Silenciada com o microfone cortado, interrompida por colegas e chamada de “enforcável” por um senador, a ministra do Meio Ambiente, Marina Silva, protagonizou recentemente mais um episódio de violência política de gênero no Congresso Nacional. Enquanto isso, tramita na Câmara uma proposta que busca, simbolicamente, “rebater a invisibilidade feminina” mudando o nome oficial da Casa para “Câmara dos Deputados e das Deputadas”.
O episódio envolvendo Marina ocorreu nesta semana, durante uma sessão da Comissão de Infraestrutura do Senado. Mesmo no exercício de um dos cargos mais relevantes da Esplanada, a ministra foi interrompida repetidas vezes pelo senador Marcos Rogério (PL-RO), que presidia a reunião. Ao protestar, foi ironizada.
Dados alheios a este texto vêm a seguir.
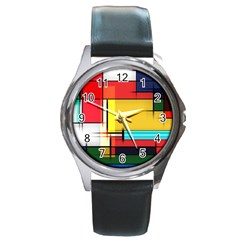 Multicolored Retro Abstraction, Lines Retro Background, Multicolored Mosaic Round Metal Watch by nateshop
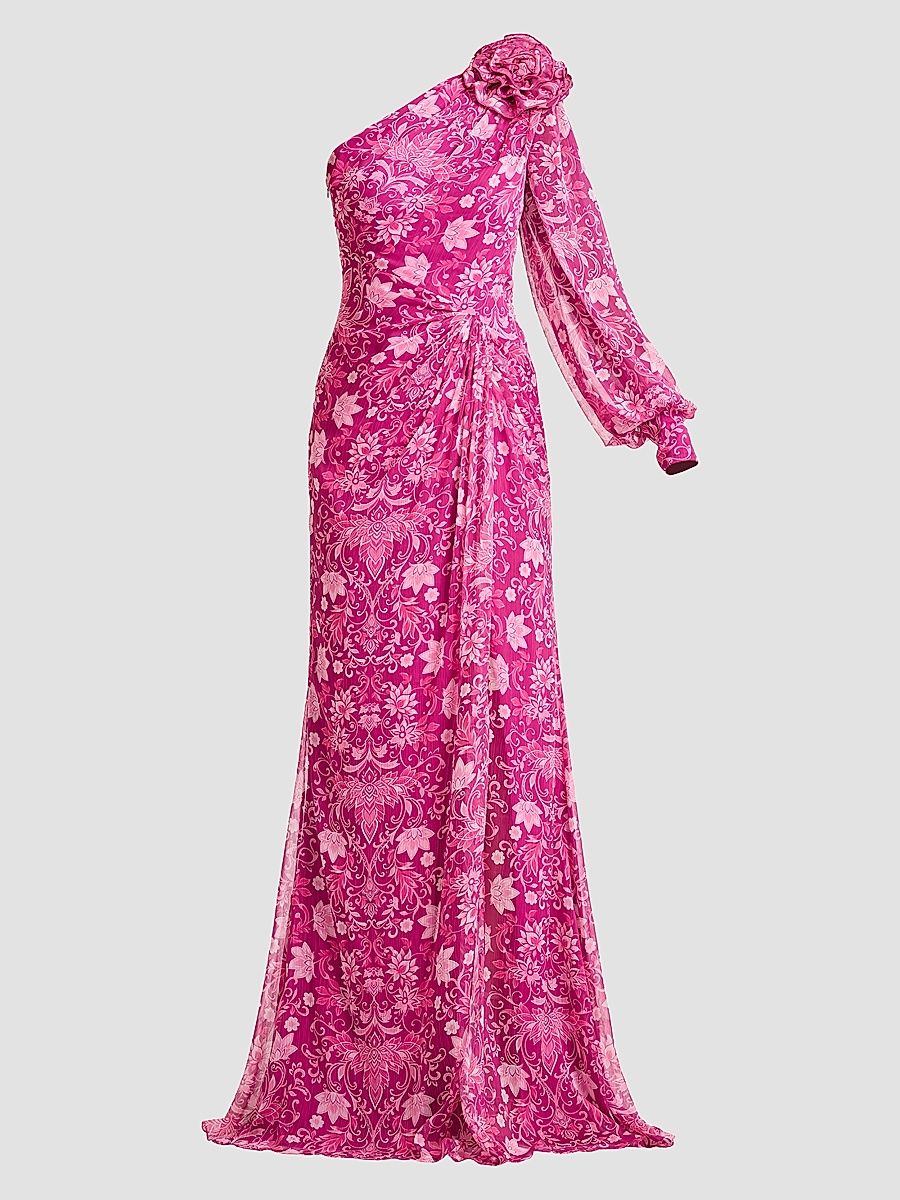 Women's Bosson One-Shoulder Floral Chiffon Gown - Magenta Multi - Size 0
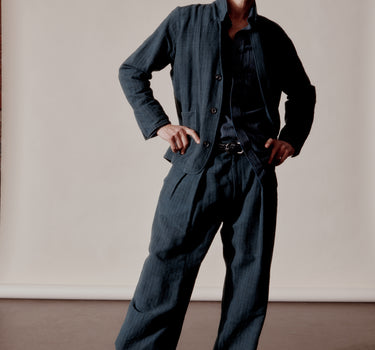 SHAKOOR PANT midnight teal/iron black ticking stripe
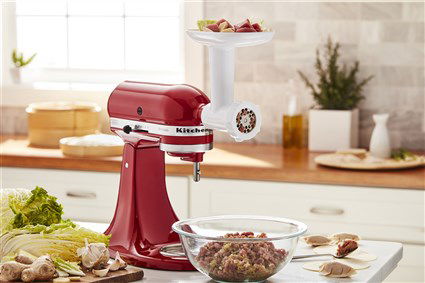 Kitchenaid 5KSMFGA Accesorio Picadora de Carne para Triturar Carne, Pescado, Verduras, Queso y Pan para Hamburguesas, Croquetas, Patés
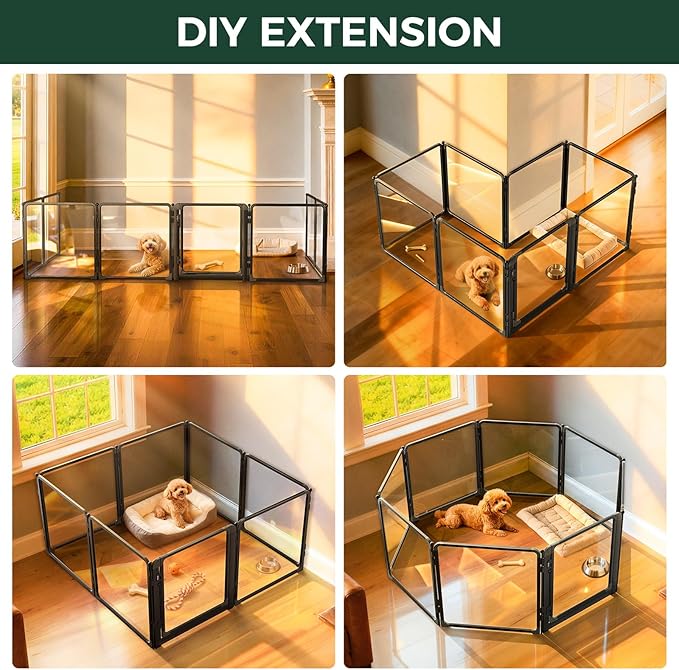 FXW AuraSpace Pro Metal & Acrylic Indoor Dog Playpen, All-Acrylic Clear Heavy-Duty Design, 24" Height 8 Panels for Puppies & Small Dogs, Black│Patented
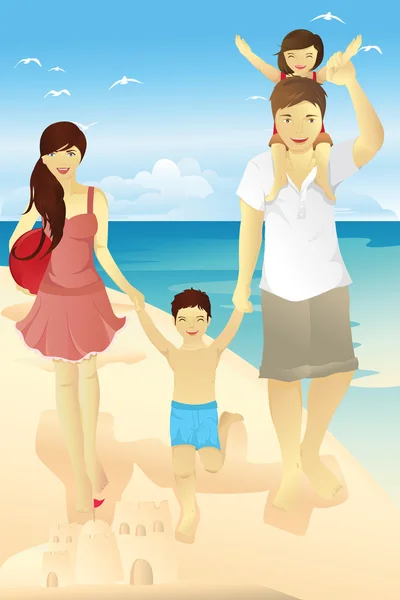 Plaj Ailesi — Stok Vektör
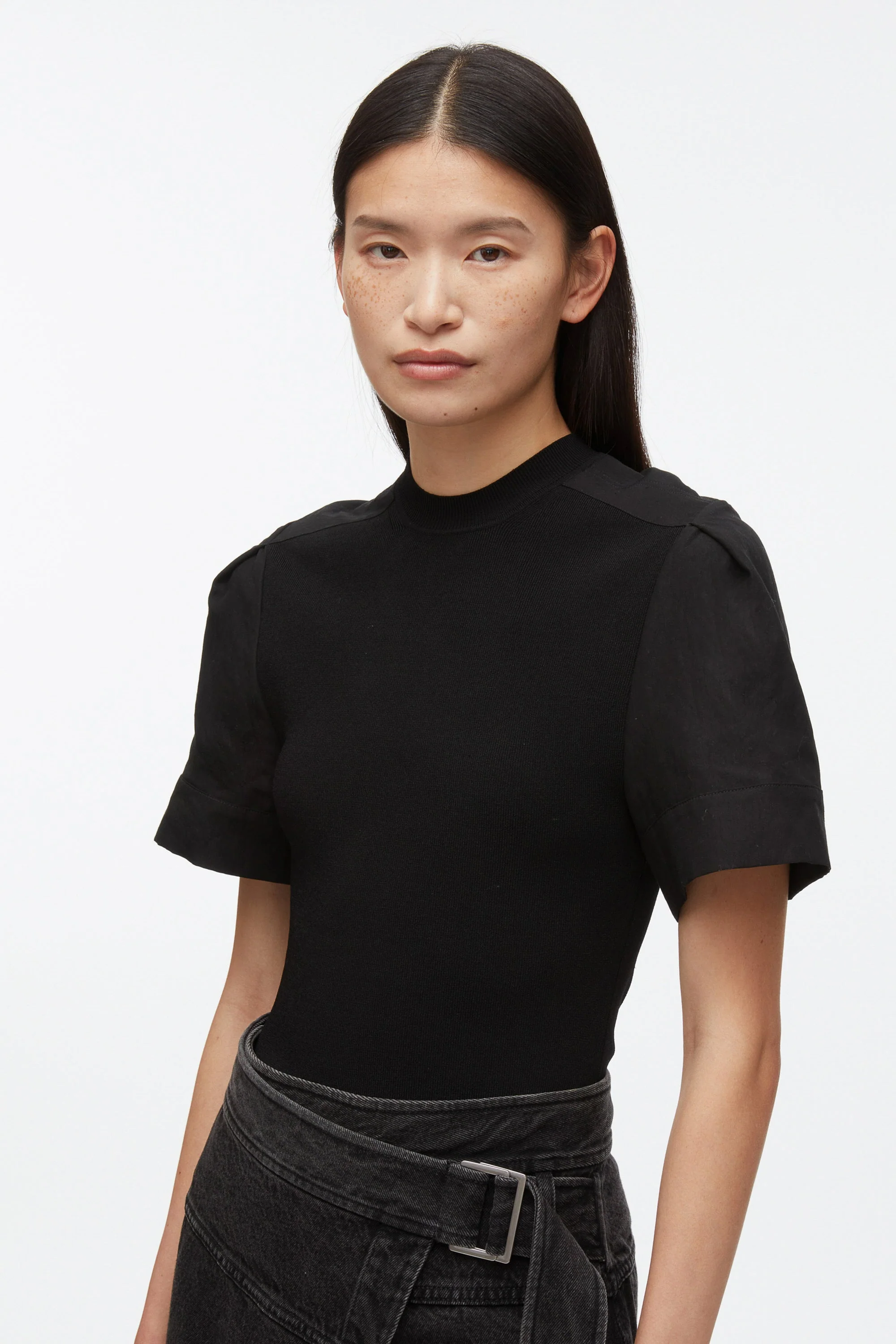 Compact Rib Top with Contrast Sleeves - Image 9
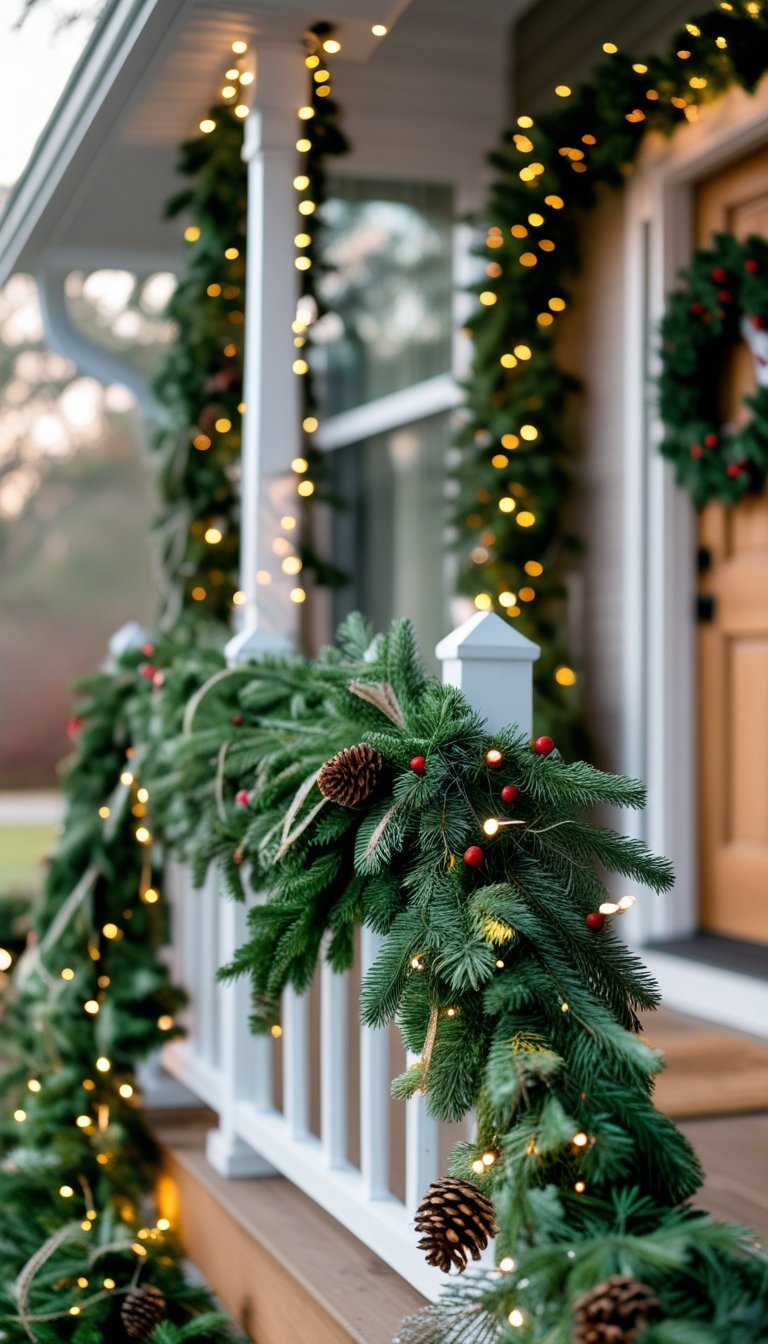 Front porch railing decorated with fresh evergreen garlands and warm white lights for Christmas.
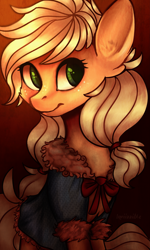 Size: 2835x4724 | Tagged: safe, artist:petrinox, applejack, earth pony, pony, alternate hairstyle, clothes, female, gradient background, mare, sitting, solo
Antes de deixar o local, ainda discutiu com o senador Plínio Valério (PSDB-AM), autor da declaração pública de que sentia “vontade de enforcá-la”. Marina também se disse ofendida por comentários do senador Omar Aziz (PSD-AM).
Recorrente e subnotificada
O caso de Marina não é exceção. De acordo com a pesquisa “Violência Política e Eleitoral no Brasil”, das organizações Terra de Direitos e Justiça Global, 274 casos de violência política contra mulheres foram registrados entre 1º de novembro de 2022 e 27 de outubro de 2024. Já a Secretaria da Mulher da Câmara contabiliza 63 denúncias formais desde 2013 – número considerado muito abaixo da realidade, devido à subnotificação.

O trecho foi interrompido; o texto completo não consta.